A Key Distinction

 
The Devil, it is often correctly noted, is in the details.  We all have our particular weaknesses and very particular reasons we are weak exactly where and under what circumstances our weakness becomes excruciating.  I’ve been chafing for years, for reasons I’ve gone into many times, when someone simply leaves their end of a conversation to silence.  I’ve done conscious work on my reactions to this, which is about all one can do, but it’s a challenge for me even now, whenever it happens.  And we all know, it happens all the time, especially with email.  
 
I was gratified to see in the famous NY Times, in a review of books on how to deal with difficult people, that one respected author sets aside Silent and Non-responsive as one of seven supremely maddening types.   For whatever reason, that type has learned:  all I’ve got to do, motherfucker, is nothing.   Hmmmmm?  Is my humming bothering you?  Hmmmmmmmm?
 
If a friend expresses annoyance that I didn’t reply to his description of an outburst of rage he described in an email he sent, I will read the email again and reply.  Stepping neatly into the trap.  Because then, heh…. what?   I didn’t say anything.  You’re fucking crazy.  I did nothing and look how fucking mad you get!!!!  Oh my God, and you think I was enraged because I said I was enraged when I totaled my car… what a complete fucking asshole you are, Mr.
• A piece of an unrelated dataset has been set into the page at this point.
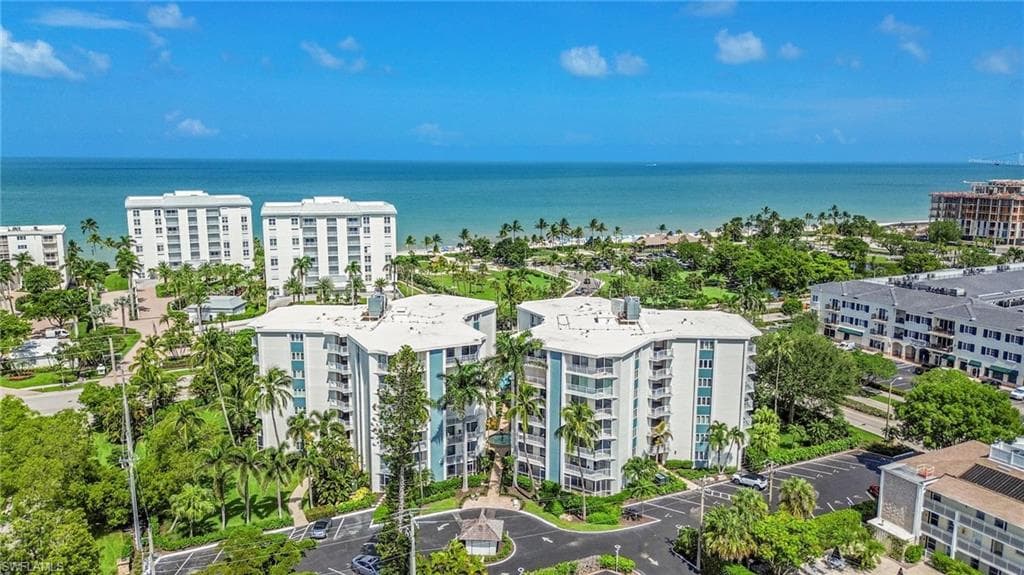 1300 Gulf Shore BLVD N 700-25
Ahimsa-Boy!
 
A few distinctions occur to me and are in order.
 
In defense of people with bad tempers who don’t want to think too deeply about why they fly off the handle from time to time, or suffer, like an expatriate friend, from all sorts of painful anger-repression related physical ailments, or live joyless lives seeing no reason to do anything but continue trudging out of a sense of duty, if you don’t lose your job over your temper, is it really that big a problem?  True friends and loving family will often forgive you for an outburst of anger, bosses– not as much.
 
Also, the difference, I realize, between the rage that was directed at me (and my sister) by my abused father, at my friend by his enraged, quick to snarl and slap mother, and whatever bad treatment was meted out by other inept parents of adults we know, is that being raged at is a trauma that causes a different category of harm in the child than just being disrespected or treated thoughtlessly.   Being the object of a parent’s rage from your earliest memories?   Priceless.
 
Just ask my dad about that, though you’d need special powers to make out what his smiling skull would tell you up there in that little boneyard outside of Peekskill. If you had those special powers, the man could tell you a hell of a lot.